Scraped caption text data
───

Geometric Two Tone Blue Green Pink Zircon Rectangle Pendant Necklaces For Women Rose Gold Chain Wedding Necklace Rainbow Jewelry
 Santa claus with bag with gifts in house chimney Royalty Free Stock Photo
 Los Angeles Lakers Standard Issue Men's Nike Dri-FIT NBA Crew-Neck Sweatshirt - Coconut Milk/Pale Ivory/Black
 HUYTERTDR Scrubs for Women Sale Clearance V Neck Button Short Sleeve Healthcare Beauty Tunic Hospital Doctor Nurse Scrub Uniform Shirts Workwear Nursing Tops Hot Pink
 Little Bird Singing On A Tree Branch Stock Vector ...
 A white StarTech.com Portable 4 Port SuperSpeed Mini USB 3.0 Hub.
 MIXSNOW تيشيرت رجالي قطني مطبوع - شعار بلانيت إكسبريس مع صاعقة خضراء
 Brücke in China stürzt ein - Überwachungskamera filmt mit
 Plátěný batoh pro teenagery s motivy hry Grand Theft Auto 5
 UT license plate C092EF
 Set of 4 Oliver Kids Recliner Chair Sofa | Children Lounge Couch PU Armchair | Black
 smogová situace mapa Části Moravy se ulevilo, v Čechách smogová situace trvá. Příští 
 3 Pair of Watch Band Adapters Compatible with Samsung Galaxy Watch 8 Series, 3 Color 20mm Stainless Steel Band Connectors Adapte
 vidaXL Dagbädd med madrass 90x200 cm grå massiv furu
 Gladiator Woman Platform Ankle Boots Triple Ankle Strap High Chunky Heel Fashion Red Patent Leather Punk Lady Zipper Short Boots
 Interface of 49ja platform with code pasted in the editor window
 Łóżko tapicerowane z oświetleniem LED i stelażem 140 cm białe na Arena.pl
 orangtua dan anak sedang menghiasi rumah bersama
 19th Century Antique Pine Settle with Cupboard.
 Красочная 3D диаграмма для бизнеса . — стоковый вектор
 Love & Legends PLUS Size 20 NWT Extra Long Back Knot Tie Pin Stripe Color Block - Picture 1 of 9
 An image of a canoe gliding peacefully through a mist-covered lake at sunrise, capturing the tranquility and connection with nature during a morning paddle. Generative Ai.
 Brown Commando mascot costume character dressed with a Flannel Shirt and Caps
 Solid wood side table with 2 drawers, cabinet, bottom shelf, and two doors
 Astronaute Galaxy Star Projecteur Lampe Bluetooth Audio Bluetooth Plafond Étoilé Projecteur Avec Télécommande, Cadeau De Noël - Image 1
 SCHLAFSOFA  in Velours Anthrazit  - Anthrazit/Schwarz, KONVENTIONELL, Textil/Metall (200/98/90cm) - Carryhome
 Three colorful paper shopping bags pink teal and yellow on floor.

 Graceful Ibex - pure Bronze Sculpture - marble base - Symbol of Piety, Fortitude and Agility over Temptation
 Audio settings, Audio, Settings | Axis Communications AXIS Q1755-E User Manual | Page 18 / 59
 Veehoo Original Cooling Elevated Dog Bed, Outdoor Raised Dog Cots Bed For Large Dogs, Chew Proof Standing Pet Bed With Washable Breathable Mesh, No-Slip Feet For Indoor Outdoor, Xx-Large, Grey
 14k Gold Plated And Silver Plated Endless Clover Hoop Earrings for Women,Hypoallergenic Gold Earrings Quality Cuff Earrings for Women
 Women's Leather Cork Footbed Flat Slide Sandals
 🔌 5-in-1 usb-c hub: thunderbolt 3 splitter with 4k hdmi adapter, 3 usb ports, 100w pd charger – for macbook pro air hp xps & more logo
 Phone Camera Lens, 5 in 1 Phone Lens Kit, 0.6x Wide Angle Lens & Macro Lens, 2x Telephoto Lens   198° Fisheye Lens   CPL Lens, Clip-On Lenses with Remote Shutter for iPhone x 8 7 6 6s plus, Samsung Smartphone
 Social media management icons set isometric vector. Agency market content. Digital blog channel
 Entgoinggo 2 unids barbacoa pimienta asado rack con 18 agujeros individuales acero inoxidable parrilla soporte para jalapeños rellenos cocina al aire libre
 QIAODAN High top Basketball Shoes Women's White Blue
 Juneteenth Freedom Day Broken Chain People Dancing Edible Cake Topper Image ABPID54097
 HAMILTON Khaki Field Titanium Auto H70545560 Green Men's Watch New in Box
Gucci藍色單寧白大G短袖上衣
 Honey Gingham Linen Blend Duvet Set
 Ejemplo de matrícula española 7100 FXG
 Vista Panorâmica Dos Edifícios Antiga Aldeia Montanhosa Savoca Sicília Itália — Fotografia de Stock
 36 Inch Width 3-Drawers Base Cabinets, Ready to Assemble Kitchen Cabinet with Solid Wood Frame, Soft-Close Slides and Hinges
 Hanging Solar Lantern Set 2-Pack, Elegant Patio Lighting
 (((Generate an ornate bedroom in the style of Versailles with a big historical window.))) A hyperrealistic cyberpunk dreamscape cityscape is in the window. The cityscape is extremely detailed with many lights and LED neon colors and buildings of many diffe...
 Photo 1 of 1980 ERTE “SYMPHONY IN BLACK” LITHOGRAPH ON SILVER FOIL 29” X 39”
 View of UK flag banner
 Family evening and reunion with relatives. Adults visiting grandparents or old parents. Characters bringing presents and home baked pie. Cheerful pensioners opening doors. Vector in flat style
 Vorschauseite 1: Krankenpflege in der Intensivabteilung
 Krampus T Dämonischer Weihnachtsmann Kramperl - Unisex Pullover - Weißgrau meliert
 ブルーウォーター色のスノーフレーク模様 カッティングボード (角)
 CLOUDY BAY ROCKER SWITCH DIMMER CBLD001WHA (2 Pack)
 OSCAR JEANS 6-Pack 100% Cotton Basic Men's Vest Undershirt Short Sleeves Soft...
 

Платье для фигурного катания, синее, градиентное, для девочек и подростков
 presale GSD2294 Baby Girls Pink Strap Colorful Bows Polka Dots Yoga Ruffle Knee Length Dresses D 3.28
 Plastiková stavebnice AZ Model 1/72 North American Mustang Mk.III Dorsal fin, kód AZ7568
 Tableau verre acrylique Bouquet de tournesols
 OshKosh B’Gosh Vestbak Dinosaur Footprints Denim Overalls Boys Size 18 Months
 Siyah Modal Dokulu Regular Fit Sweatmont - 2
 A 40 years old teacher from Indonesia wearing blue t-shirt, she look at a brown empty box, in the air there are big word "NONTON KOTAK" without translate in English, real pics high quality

───

- _Work instruction_
Return each line in the records that holds the string "Women".

- _Your solution_
Geometric Two Tone Blue Green Pink Zircon Rectangle Pendant Necklaces For Women Rose Gold Chain Wedding Necklace Rainbow Jewelry
 HUYTERTDR Scrubs for Women Sale Clearance V Neck Button Short Sleeve Healthcare Beauty Tunic Hospital Doctor Nurse Scrub Uniform Shirts Workwear Nursing Tops Hot Pink
 14k Gold Plated And Silver Plated Endless Clover Hoop Earrings for Women,Hypoallergenic Gold Earrings Quality Cuff Earrings for Women
 Women's Leather Cork Footbed Flat Slide Sandals
 QIAODAN High top Basketball Shoes Women's White Blue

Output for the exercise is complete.